[DATA FOR THE TASK]:
———
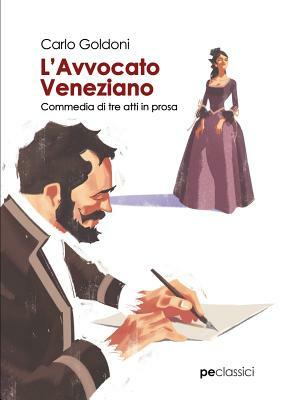 L'Avvocato Veneziano by Carlo Goldoni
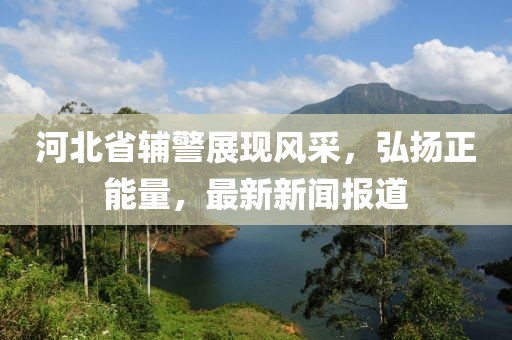 河北省輔警展現(xiàn)風(fēng)采，弘揚正能量，最新新聞報道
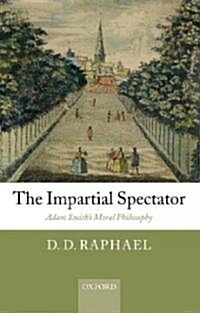 The Impartial Spectator : Adam Smiths Moral Philosophy (Hardcover)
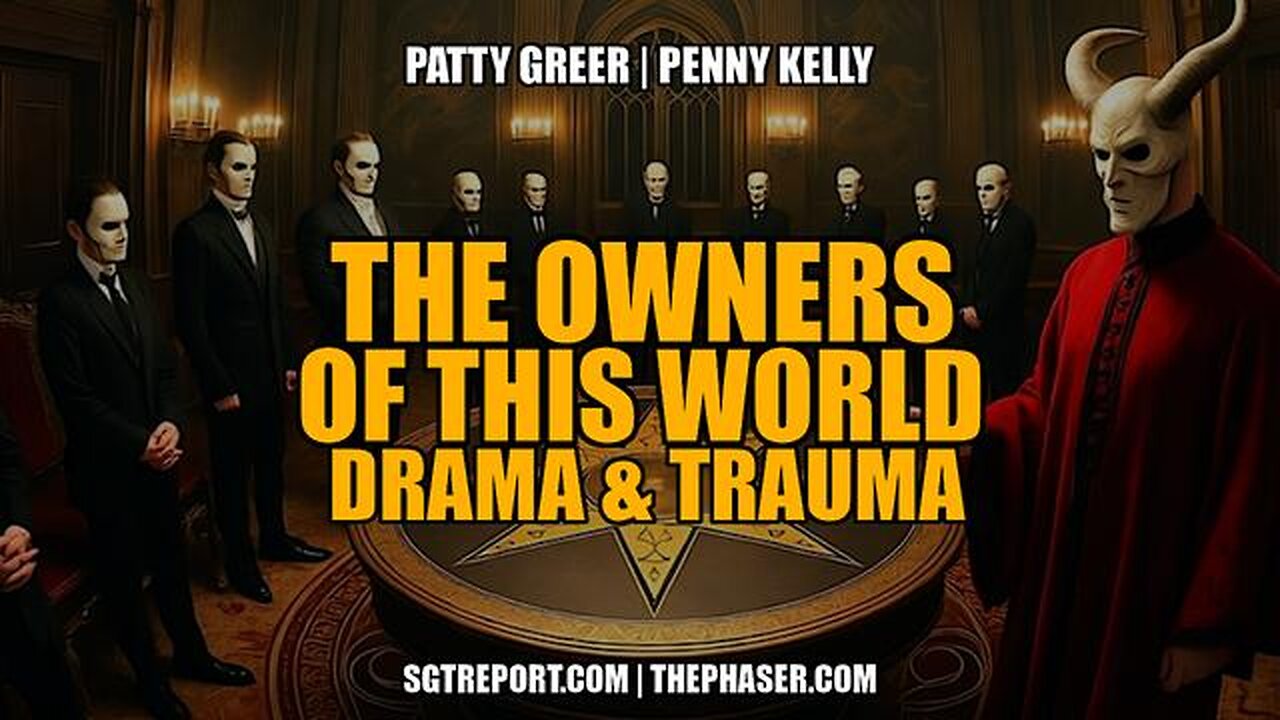 THE OWNERS OF THIS WORLD: DRAMA & TRAUMA - Patty Greer & Penny Kelly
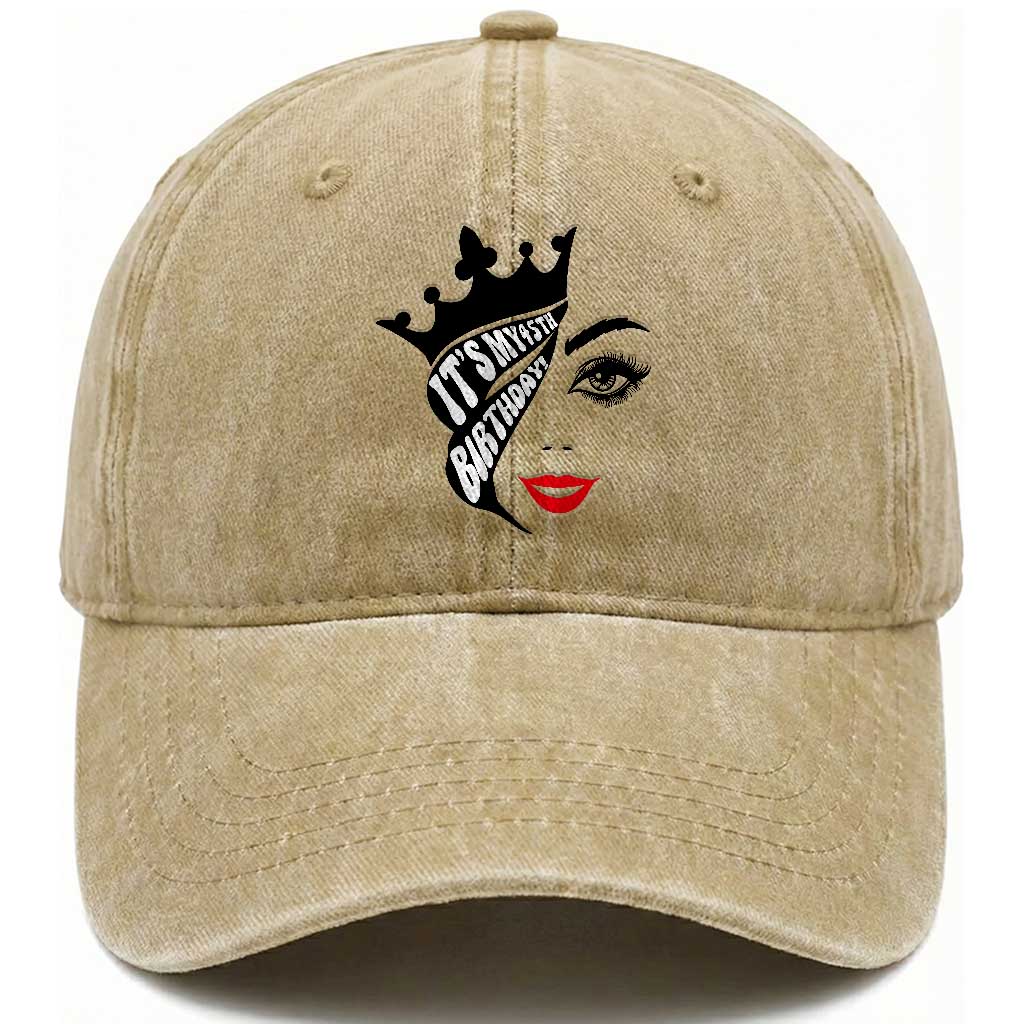 Its My 45th Birthday Washed Cotton Baseball Cap Birthday Queen Crown Gift For Women TS12 Print Your Wear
———
Take the line containing "河北省輔警展現(xiàn)風(fēng)采，弘揚正能量，最新新聞報道" through the last line of the material and retype exactly those lines, both ends included, with no pictures.

[RESPONSE TO THE TASK]:
 河北省輔警展現(xiàn)風(fēng)采，弘揚正能量，最新新聞報道
 The Impartial Spectator : Adam Smiths Moral Philosophy (Hardcover)
 THE OWNERS OF THIS WORLD: DRAMA & TRAUMA - Patty Greer & Penny Kelly
 Its My 45th Birthday Washed Cotton Baseball Cap Birthday Queen Crown Gift For Women TS12 Print Your Wear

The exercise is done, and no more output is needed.